# Hocking River Smallies!



## OU-Pilot (Oct 14, 2011)

Fished the hocking today with a buddy for an hour if that. Managed to land 2 real nice smallmouth and had a larger one spit the hook. Picture of the larger one below.... I had just given a presentation to a fishing club on fishing smallmouth in muddy water, so I wanted to prove it could be done! The fish below was caught on a baby bass color rattle trap and the other on a craw colored crankbait. Just because it's muddy doesn't mean you can't catch fish! The secret is NOISE, VIBRATION, and MORE NOISE! ( We also hit the upper hocking on a float trip before the rains last week. We managed about 25-30 smallies in about 6 hours. The biggest was close to 4lbs and none were under 12'') What an incredible fishery!


----------



## RiverWader (Apr 1, 2006)

Nice Fish MAN!!! Im gonna try and wade it tomorrow afternoon


----------



## OU-Pilot (Oct 14, 2011)

Ill be fishing it today and tmrw. Pm me if u wanna meet up tomorrow


----------



## alock0889 (Feb 6, 2009)

Nice fish! I keep catching largemouth, but I am targeting smallies. I have only one smallie so far this year. I got out today on the Hocking and only got one largemouth. How do I catch the smallies?


----------



## RiverWader (Apr 1, 2006)

what was the water like?


----------



## justin3687 (May 29, 2009)

alock0889 said:


> Nice fish! I keep catching largemouth, but I am targeting smallies. I have only one smallie so far this year. I got out today on the Hocking and only got one largemouth. How do I catch the smallies?

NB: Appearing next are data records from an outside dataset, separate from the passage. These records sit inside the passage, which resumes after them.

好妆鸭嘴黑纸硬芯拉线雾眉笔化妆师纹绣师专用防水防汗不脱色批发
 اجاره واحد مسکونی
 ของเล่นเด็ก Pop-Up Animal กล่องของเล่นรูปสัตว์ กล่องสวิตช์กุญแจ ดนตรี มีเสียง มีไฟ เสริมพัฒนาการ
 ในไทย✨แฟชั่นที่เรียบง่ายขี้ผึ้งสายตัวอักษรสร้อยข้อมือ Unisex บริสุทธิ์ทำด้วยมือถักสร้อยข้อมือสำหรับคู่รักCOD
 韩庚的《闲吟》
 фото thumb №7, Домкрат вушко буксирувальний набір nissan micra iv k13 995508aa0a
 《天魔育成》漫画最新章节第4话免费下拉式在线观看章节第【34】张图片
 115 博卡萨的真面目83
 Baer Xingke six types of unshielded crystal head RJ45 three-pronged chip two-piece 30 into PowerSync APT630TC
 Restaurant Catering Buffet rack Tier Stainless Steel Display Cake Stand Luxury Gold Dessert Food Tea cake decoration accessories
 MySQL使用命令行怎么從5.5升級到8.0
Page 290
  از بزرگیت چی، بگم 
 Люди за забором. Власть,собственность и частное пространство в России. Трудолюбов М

Green pumkin tube Jigs with some garlic chartruse dipped on the end and Jigs and crank baits but tubes are cheap and fish well in cover Texas rigged. 

Outdoor Hub mobile, the outdoor information engine


----------



## alock0889 (Feb 6, 2009)

water was about a foot up and a little muddy, but definitley fishable


----------



## Drahthaar_dude (Aug 28, 2007)

More then likely it is where you are fishing. You can catch both smallies and largemouth in the same spot but usually you will catch one over the other. I used to catch way more spots around Athens then largemouth.


----------



## Engineered_2Fish (Apr 9, 2010)

Awesome fish. That rivers loaded with em


----------



## rbess (Jun 19, 2011)

OU upper hocking above nelsonville?I have always wanted to float the hocking is there any other put ins besides at nelsonville.


----------



## RiverWader (Apr 1, 2006)

You can put in at a few diffrent spots above Nelsonville


----------



## RiverWader (Apr 1, 2006)

Headed out now for a wade of the Hocking, going from the Mill to Stimson.


----------



## Boss hog (Dec 12, 2009)

My son and I caught roughly 30 smallmouth in about 3 hours this morning, The channel cats were eating all lures we thru, Plus floating gulp minnows under a bobber, I caught several on a Mepps spinner, The largest bass was 2 lbs several cats were 2 to 3 lb range, it was a good time


----------



## Smallmouth Crazy (Apr 4, 2006)

Very nice fish.


----------